Novell today said it has appointed Susan Heystee, vice president and general
manager for global strategic partners, to nurture the business and technical
cooperation efforts in the Novell-Microsoft agreement to make Linux and
Windows products work better together.

The agreement, announced by Novell CEO Ron Hovsepian and Microsoft CEO Steve Ballmer earlier this
month in San Francisco, calls for each company to exchange millions of
dollars over the next five years, covering technology, patent licensing and
marketing costs.

The companies will offer customers looking to run Linux and Windows side by
side in a virtualized environment Novell’s SUSE Linux Enterprise Server
(SLES) and a subscription for SLES support along with Microsoft Windows
Server, Microsoft Virtual Server and Microsoft Viridian.

Heystee, who also manages Novell’s relationships with IBM, HP and Dell, will
oversee the companies’ work on virtualization, Web services management and
document compatibility, the business relationship around Microsoft
distribution of SUSE Linux Enterprise Server subscriptions, and joint
marketing and sales cooperation, according to a Novell statement.

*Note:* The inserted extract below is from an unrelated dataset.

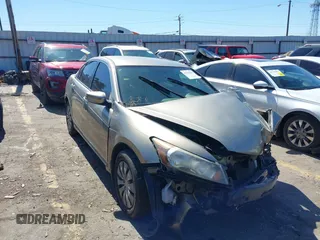 2008 Honda Accord LX z VIN JHMCP263X8C029598, wystawiony jako IAAI lot #41764306 z przebiegiem 183 851 mil mil oraz . Historia ofert i sprzedaży dostępna na DreamBid. Obrazek 1.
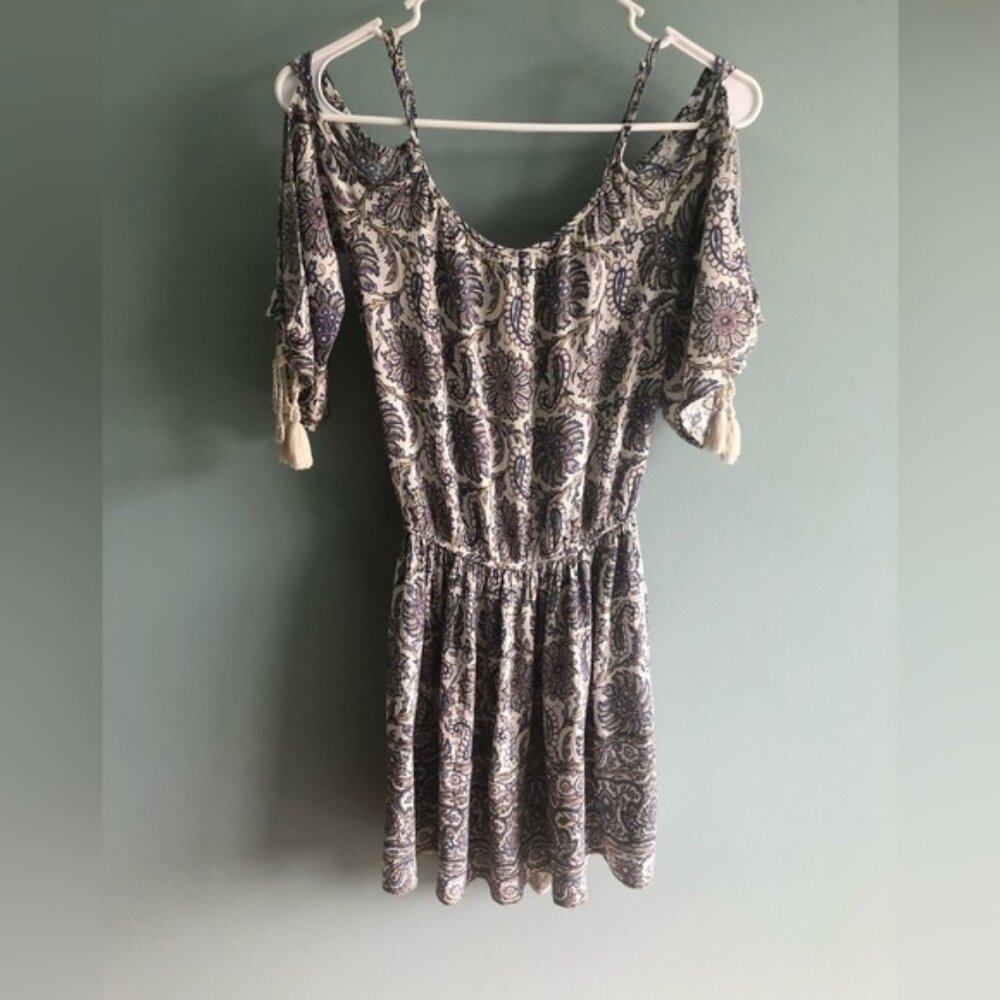 American Eagle Outfitters Paisley Cold Shoulder Dress with Tassel Trim. Size XXS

“We know customers, partners and the community are looking for concrete
results from this agreement, and I’m excited to help deliver those results,”
said Heystee, who was promoted to president of sales for Novell Americas in
August 2005.

The deal is complicated without even getting into the patent covenant, an
area Microsoft and Novell still characterize quite differently.

Novell will receive $240 million from Microsoft for roughly 70,000 SUSE
Linux Enterprise Server (SLES) “certificates” that Microsoft may use itself,
distribute or resell.

The certificates provide the bearer with a subscription support for Novell’s
SLES server Linux distribution.

Under the terms of the patent covenant agreement between Novell and
Microsoft, Novell will receive a payment from Microsoft of $108 million for
use of Novell’s patents.

Novell has agreed to pay at least $40 million a year for five years for a
total of $200 million to Microsoft as part of the patent covenant.

Microsoft, which is pumping $60 million into joint Linux-Windows marketing
and $34 million for a dedicated sales force to push the joint Linux-Windows
offering, has agreed not to assert its patents against Novell’s end-user
Linux customers.

The patent covenant is a touchy subject; some feel Linux infringes on
Microsoft’s intellectual property, and Ballmer has said publicly that Linux
“owes” Microsoft.

Hovsepian disagreed in an open letter last week. Microsoft responded that the companies have “agreed to
disagree” on the matter.

Novell’s deal comes on the same day Microsoft is launching
its latest multi-billion-dollar babies: the corporate versions of the
Windows Vista operating system, along with 2007 Office system, and Exchange
Server 2007.

Novell launched some software of its own today.

The company unveiled Open Enterprise Server 2, which will provide workgroup
services on SUSE Linux Enterprise and include virtualization, storage and
file management perks when it ships in 2007.